E o que dizer da locomoção nas
cidades? Hoje ela não se dá mais às custas da tração animal, como há não faz
muito. Ninguém mais vai ao trabalho, ou às compras, ou ao lazer, no lombo de
cavalos ou de burros. As charretes, que na minha infância eram veículos até
comuns em muitas cidades, hoje, onde ainda são utilizadas, servem, apenas, como
meios “curiosos” para transportar alegres turistas. Se é verdade que os
automóveis entupiram as ruas das nossas metrópoles (e isso não há como negar),
não é menos real que sem ele nos sentiríamos perdidos, como se não tivéssemos
pernas, pois nos acostumamos tanto a ele, que somos incapazes de andar ínfimos
três ou quatro quarteirões do nosso bairro e recorremos, invariavelmente, para
isso ao seu uso. Estou exagerando? Duvido! Ônibus e metrôs transportam
multidões diariamente para seus compromissos, não importa onde e de que
natureza.

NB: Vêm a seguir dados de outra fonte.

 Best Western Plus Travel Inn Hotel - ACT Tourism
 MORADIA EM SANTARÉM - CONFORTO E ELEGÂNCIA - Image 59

Caminhões levam mercadorias de toda a sorte, para cima e para baixo,
para todas as partes deste nosso país de dimensões continentais (e para todos
os outros).
É certo que nem tudo são flores
em nosso dia a dia apesar do miraculoso progresso tecnológico em todas as áreas
de atividades. Estamos há anos luz de um padrão de vida pelo menos minimamente
próximo do aceitável, quanto mais do ideal. Somos forçados a conviver, da manhã
até a noite, com inúmeros desconfortos e riscos. A poluição, do ar e da água,
cresce de forma exponencial e assustadora, comprometendo nossa saúde. O
aquecimento global está aí, para todos verem, potencializando catástrofes
climáticas, de proporções apocalípticas.
A violência urbana, que se manifesta de diversas maneiras, só cresce,
com o aumento assustador de furtos, roubos, assassinatos por dá cá aquela palha
e vai por aí afora.
Hoje, quando saímos de casa, não
temos a menor certeza que, ao final do dia, a ela retornaremos incólumes e
ilesos, sãos e salvos. Isso, se algum celerado qualquer, bandido ou simples
desequilibrado mental, não a invadir e não nos fizer, e à nossa família, de
reféns, para nos surrupiar, à força, o que às vezes “suamos sangue” para
conquistar. Mas... cá para nós: vocês já imaginaram como nossa vida seria
muitíssimo mais difícil, bastante pior, caso não houvesse eletricidade e se,
para nos locomovermos, dependêssemos, ainda, do lombo do cavalo ou do burro (e
isso se tivéssemos condições de possuir esses animais)? E olhem que nem
mencionei os avanços da medicina e da higiene pública, que aumentaram em
décadas nossa expectativa de vida. Tudo isso nós, escritores, de uma forma ou
de outra, registramos nos enredos das histórias que escrevemos, para ilustrar
potenciais leitores do futuro (caso eles existam, claro, e nossa espécie, por
causa da nossa burrice, cupidez e violência, não se destrua antes).